= Beginning of Section =

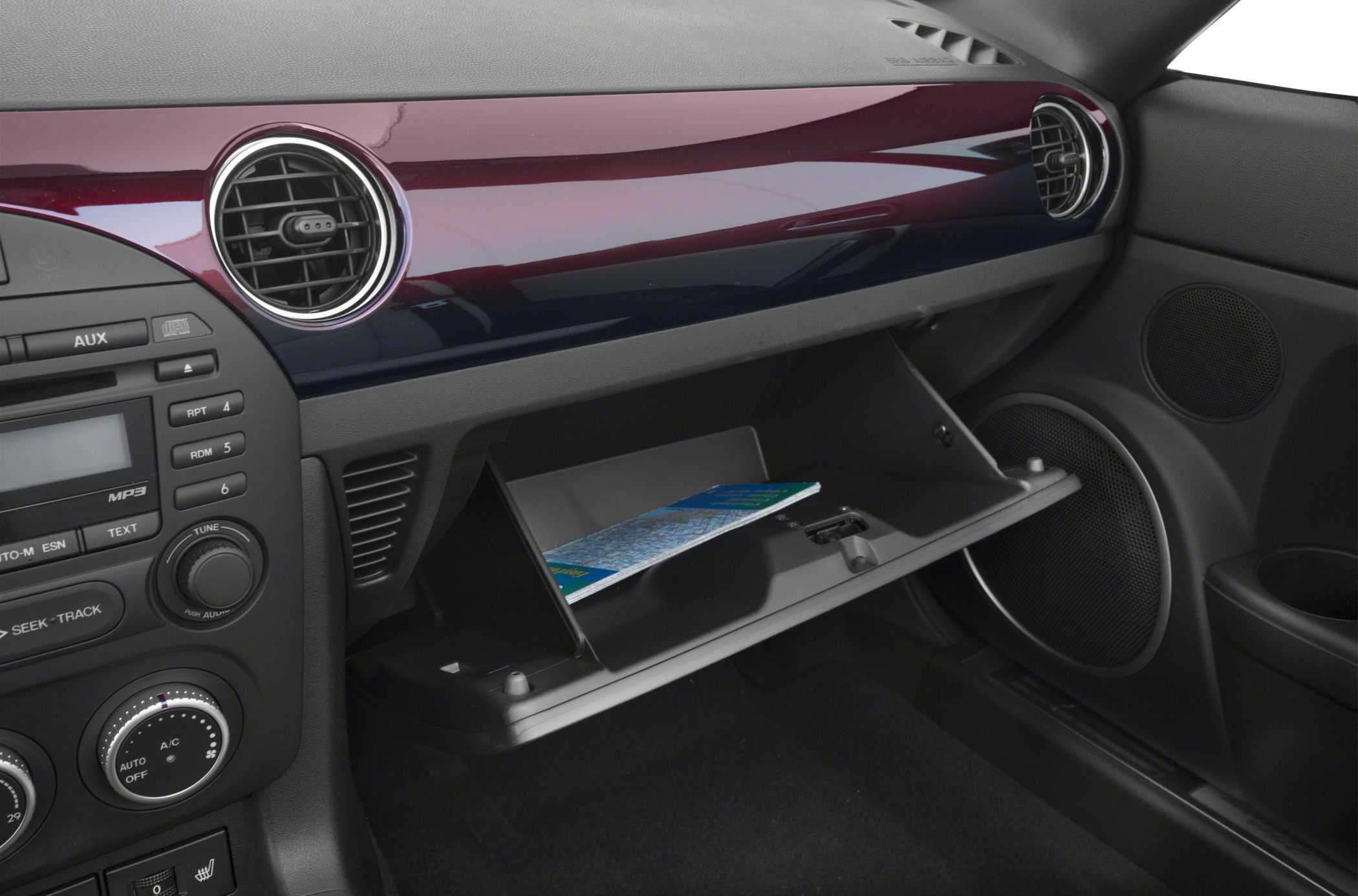 Open glovebox and dashboard with audio controls and circular vents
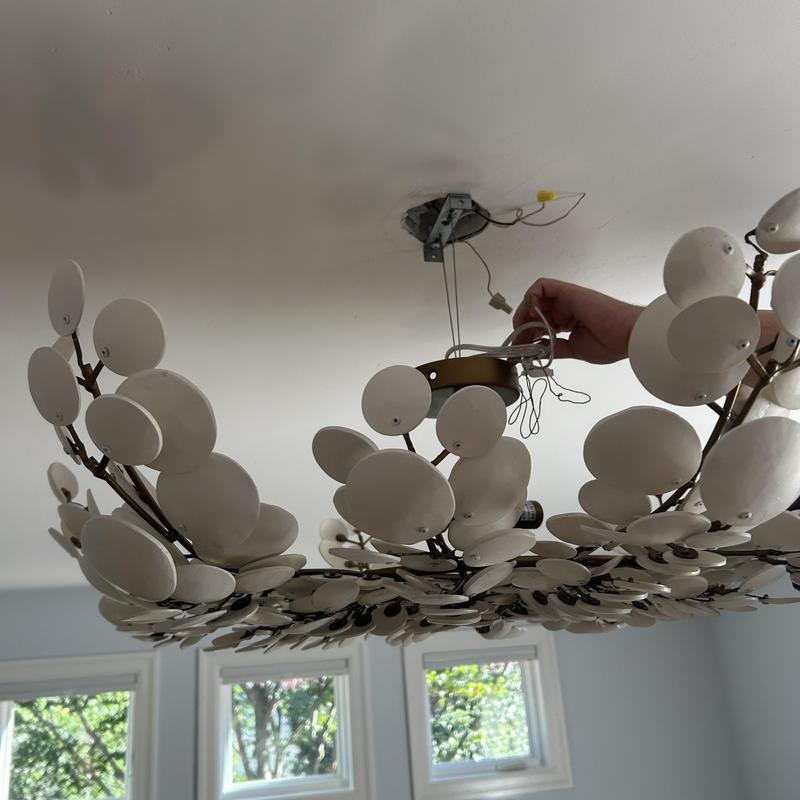 Decorative light fixture being installed on ceiling Decorative light fixture being installed on ceiling
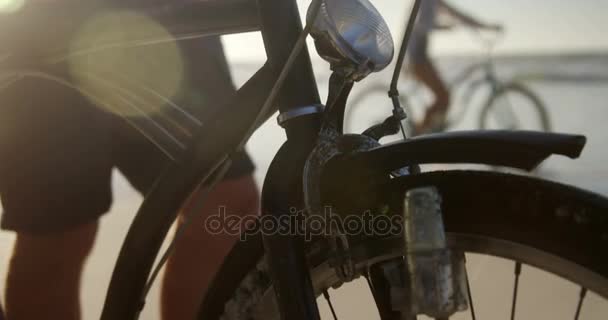 Hombre de pie con su bicicleta en la playa — Vídeos de Stock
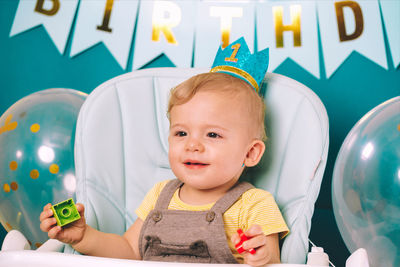 Close-up of cute baby boy sitting on high chair in birthday party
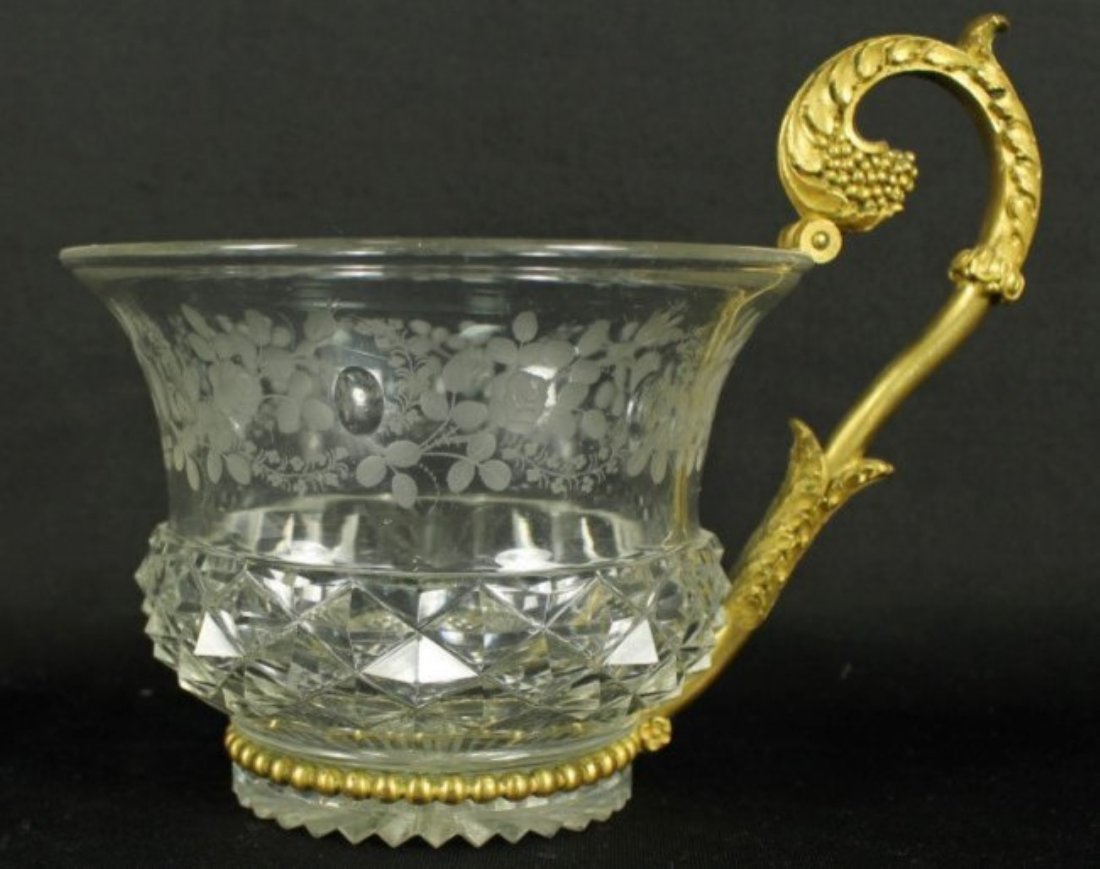 BACCARAT STYLE GILT BRONZE AND CUT GLASS CUP: BACCARAT STYLE GILT BRONZE AND CUT GLASS CUP. MEASURES H: 5 1/4" W: 6"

= End of Section =

Copy the records shown above in their entirety and exactly; images are to be left out.

 Open glovebox and dashboard with audio controls and circular vents
 Decorative light fixture being installed on ceiling Decorative light fixture being installed on ceiling
 Hombre de pie con su bicicleta en la playa — Vídeos de Stock
 Close-up of cute baby boy sitting on high chair in birthday party
 BACCARAT STYLE GILT BRONZE AND CUT GLASS CUP: BACCARAT STYLE GILT BRONZE AND CUT GLASS CUP. MEASURES H: 5 1/4" W: 6"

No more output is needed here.